DOT requires amber reflectors from the side. If you've removed them, then that in itself is a potential ticket. However, if you have amber bulbs in there, I highly doubt you'll ever get ticketted for it because during the day, you will have an amber color in the housing, just like ones with the reflector.

Now, I would caution on the white bulbs for signals. Those probably will get you a ticket. But what's worse is that people aren't accustomed to blinking white lights, only blinking red or amber, so that mod may make you more prone to get into an accident, especially during the day.

Now what I would do is put in amber LED bulbs if available. They'll be completely clear when the light is off, but when they are on, it's a sharp on and off that can be noticably different, yet familiar. Another route is the bulbs that look clear or blue, but are amber when they turn on.

Are these different turn signals than you had before? Or just the same ones with different bulbs. I haven't looked closely at your car in a while. You should've pointed it out to me the last time I was over.

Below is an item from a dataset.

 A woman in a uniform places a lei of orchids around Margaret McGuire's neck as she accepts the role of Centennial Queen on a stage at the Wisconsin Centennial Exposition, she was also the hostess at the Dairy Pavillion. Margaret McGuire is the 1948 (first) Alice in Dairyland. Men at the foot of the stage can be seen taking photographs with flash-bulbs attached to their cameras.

I've recently replaced my oem corner and bumper lights with aftermarket "clear" lights. They do have a DOT and a number on them (possible fake certification maybe?) Are you sure that DOT requires amber reflectors?

The LED bulbs is a good idea but since the corners have a translucent reflector that covers the amber bulb, it's really not that visible anyway.

I have the amber bulbs in there right now. I guess it will be safer sticking with them.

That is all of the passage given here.